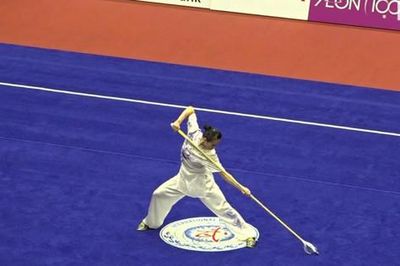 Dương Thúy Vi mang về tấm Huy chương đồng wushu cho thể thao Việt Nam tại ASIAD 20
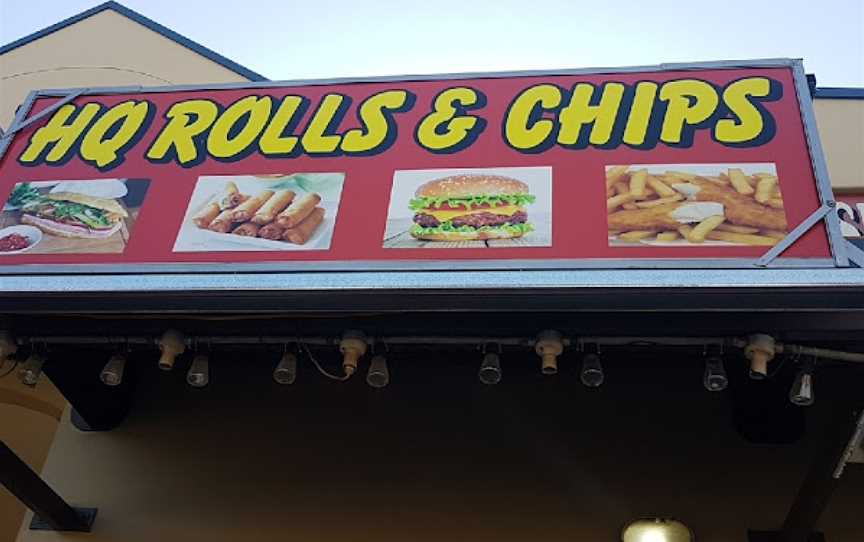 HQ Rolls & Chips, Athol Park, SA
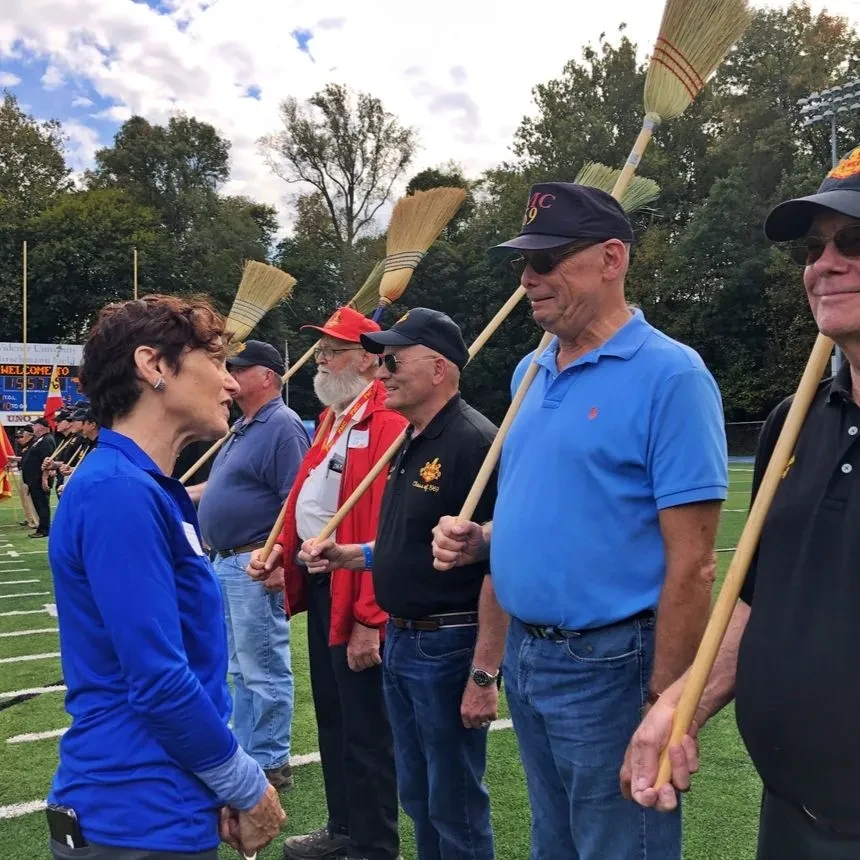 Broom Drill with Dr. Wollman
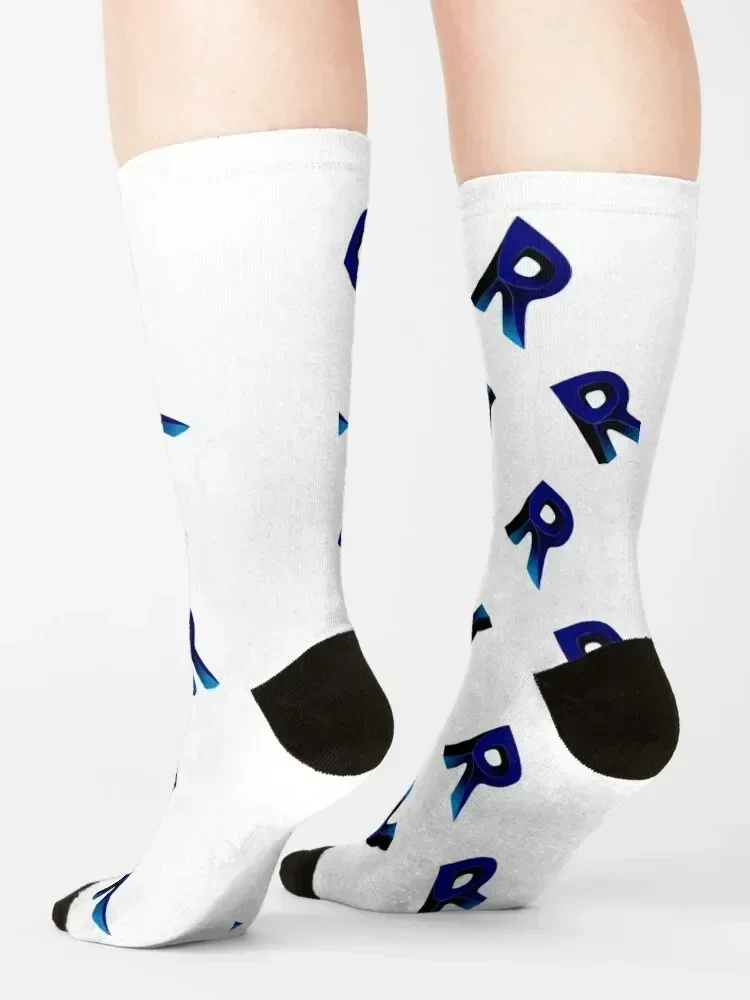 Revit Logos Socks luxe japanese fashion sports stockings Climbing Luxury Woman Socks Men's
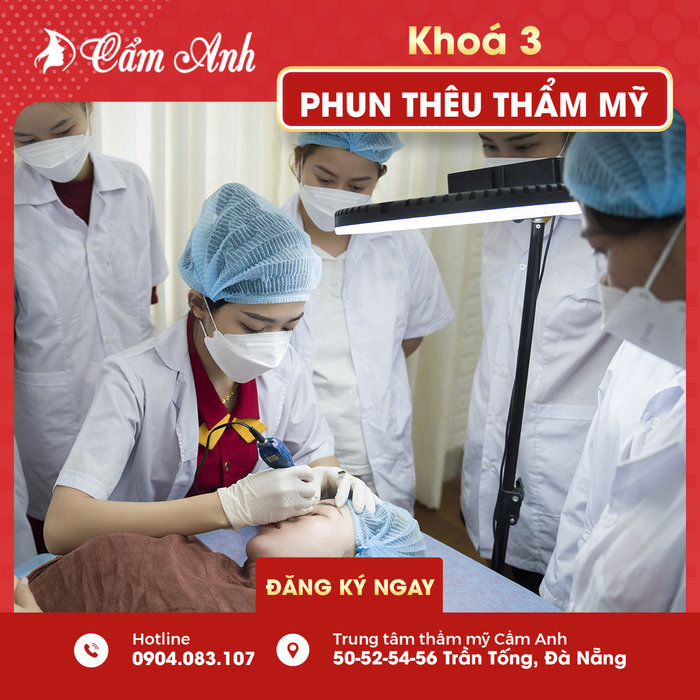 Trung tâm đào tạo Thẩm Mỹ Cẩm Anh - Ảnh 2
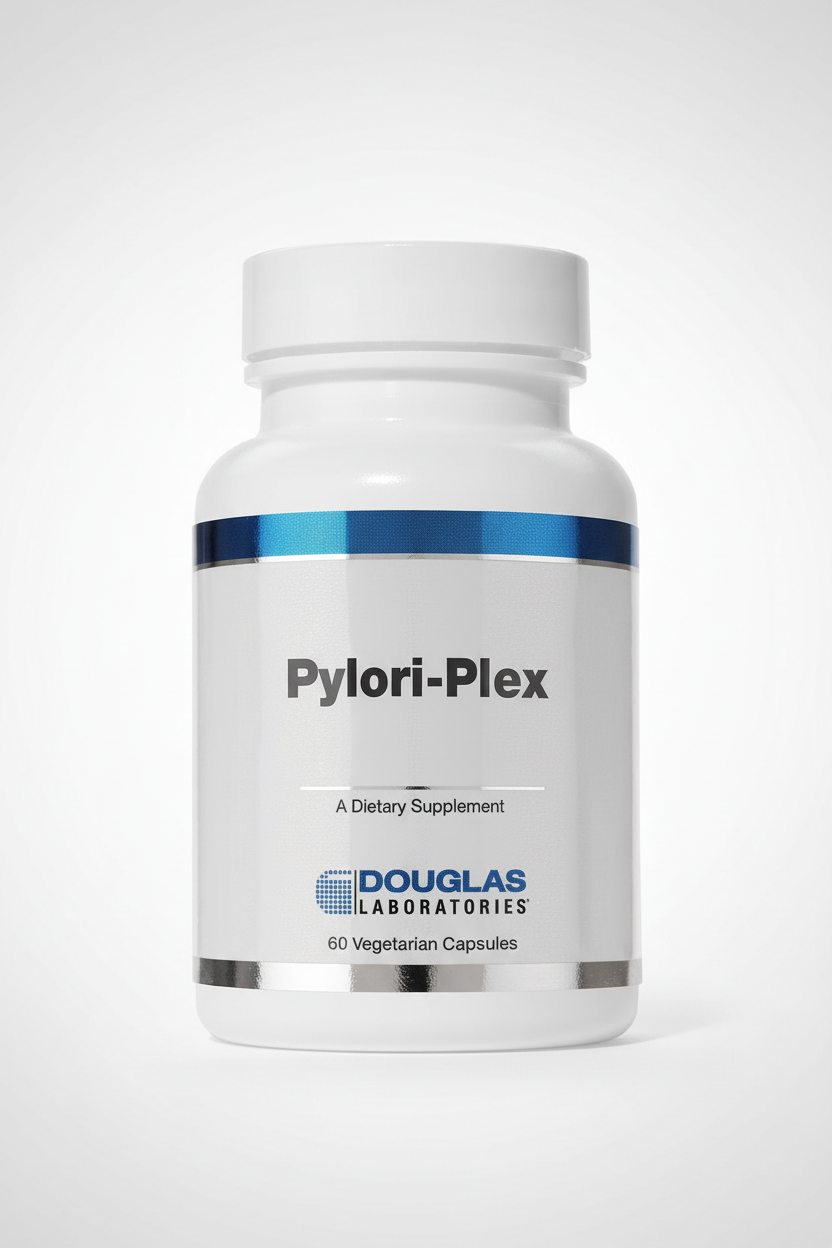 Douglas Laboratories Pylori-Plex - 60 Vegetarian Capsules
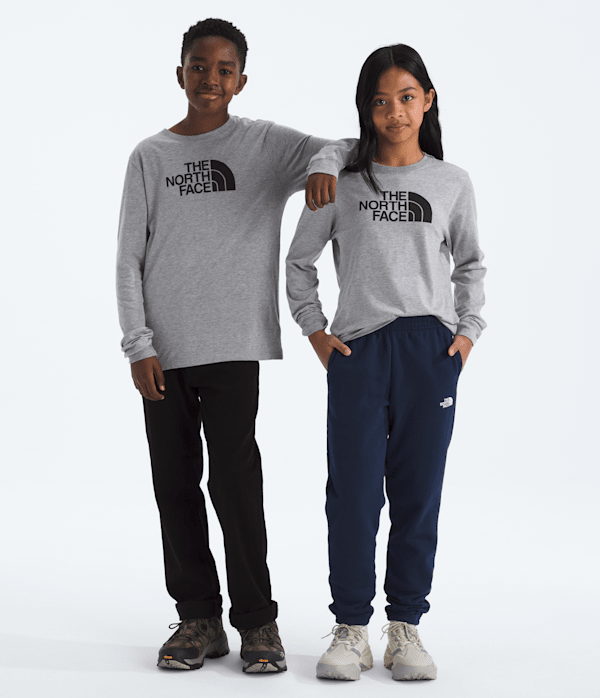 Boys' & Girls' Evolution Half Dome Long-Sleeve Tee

########

EXERCISE REQUIREMENTS:
Word for word, reproduce each line from the one with "Douglas Laboratories Pylori-Plex" through the last line of the material above, both included, and drop the pictures.

SOLUTION FOR THIS EXERCISE:
 Douglas Laboratories Pylori-Plex - 60 Vegetarian Capsules
 Boys' & Girls' Evolution Half Dome Long-Sleeve Tee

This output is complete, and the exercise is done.